Hingga April 2026, daftar smartphone yang memakai Snapdragon 8 Gen 5 mulai terlihat di beberapa pasar, meski ketersediaannya di Indonesia masih terbatas. Dari informasi yang beredar, baru ada dua model yang resmi bisa dibeli konsumen di tanah air, sementara sisanya lebih banyak beredar di pasar global dan China.

Dua model yang sudah resmi dijual di Indonesia

iQOO 15R menjadi salah satu perangkat yang paling menonjol di daftar ini.
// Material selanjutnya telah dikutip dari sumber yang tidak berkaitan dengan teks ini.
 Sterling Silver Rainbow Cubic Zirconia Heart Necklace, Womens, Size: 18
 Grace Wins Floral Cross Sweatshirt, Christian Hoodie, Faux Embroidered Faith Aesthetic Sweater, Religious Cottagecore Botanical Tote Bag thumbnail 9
Ponsel tersebut membawa layar AMOLED 6,59 inci dengan refresh rate 144Hz, sehingga cocok untuk pengguna yang menginginkan tampilan mulus saat bermain gim atau sekadar menjelajah antarmuka.

Daya tahan baterai juga menjadi nilai jual utama iQOO 15R. Perangkat ini dibekali baterai 7.600 mAh, pengisian cepat 100W, serta kamera utama 50 MP yang diposisikan untuk kebutuhan harian dan fotografi praktis.

Model resmi lain yang sudah tersedia di pasar lokal adalah Motorola Signature. Smartphone ini memakai panel LTPO AMOLED 6,8 inci dengan refresh rate 165Hz, yang memberi respons layar lebih cepat dan pengalaman visual yang lebih lancar.

Di sisi kamera, Motorola Signature tampil dengan konfigurasi triple camera 50 MP yang mencakup lensa periskop. Fitur pengisian dayanya juga lengkap, dengan fast charging 90W dan wireless charging 50W yang menambah nilai praktis bagi pengguna premium.

Perangkat Snapdragon 8 Gen 5 di pasar global dan China

Di luar Indonesia, sejumlah model lain juga sudah memakai chipset yang sama. OnePlus 15R masuk daftar karena fokus pada performa, lalu hadir dengan layar AMOLED 6,83 inci dan tingkat kecerahan hingga 3600 nits.

OnePlus 15R juga membawa baterai 7.400 mAh dengan pengisian daya 80W. Kombinasi ini menunjukkan bahwa Snapdragon 8 Gen 5 tidak hanya dipakai untuk mengejar tenaga olah data, tetapi juga menopang pengalaman pemakaian yang lebih tahan lama.

Vivo X300 FE menonjol lewat kamera periskop 50 MP yang mendukung zoom optik. Perangkat ini memakai layar LTPO AMOLED 120Hz, baterai 6.500 mAh, dan dukungan pengisian nirkabel yang membuatnya lebih lengkap di kelas atas.

Realme Neo 8 hadir dengan pendekatan yang berbeda karena membawa baterai jumbo 8.000 mAh. Ponsel yang dirilis di China ini juga memakai layar AMOLED 165Hz dan kamera periskop 50 MP, sehingga menggabungkan daya tahan besar dengan spesifikasi visual yang tinggi.

Pilihan untuk pengguna yang mengejar kamera dan desain lipat

iQOO Z11 Turbo menjadi opsi menarik bagi pengguna yang mencari sensor kamera besar. Perangkat ini dibekali kamera utama 200 MP, baterai 7.600 mAh, serta fast charging 100W, sehingga tetap mengarah ke segmen flagship yang agresif.

Motorola Razr Fold memperluas penggunaan Snapdragon 8 Gen 5 ke perangkat lipat. Smartphone ini membawa layar utama 8,1 inci, cover screen 6,6 inci, dan tiga kamera 50 MP yang menjadikannya berbeda dari model lain dalam daftar.

Dari jajaran tersebut, terlihat bahwa Snapdragon 8 Gen 5 diposisikan sebagai alternatif mesin pacu untuk ponsel kelas atas dengan harga yang lebih terjangkau dibanding varian Elite. Karena itu, ketersediaannya sangat bergantung pada strategi masing-masing brand, terutama saat banyak produsen masih memprioritaskan pasar global atau China.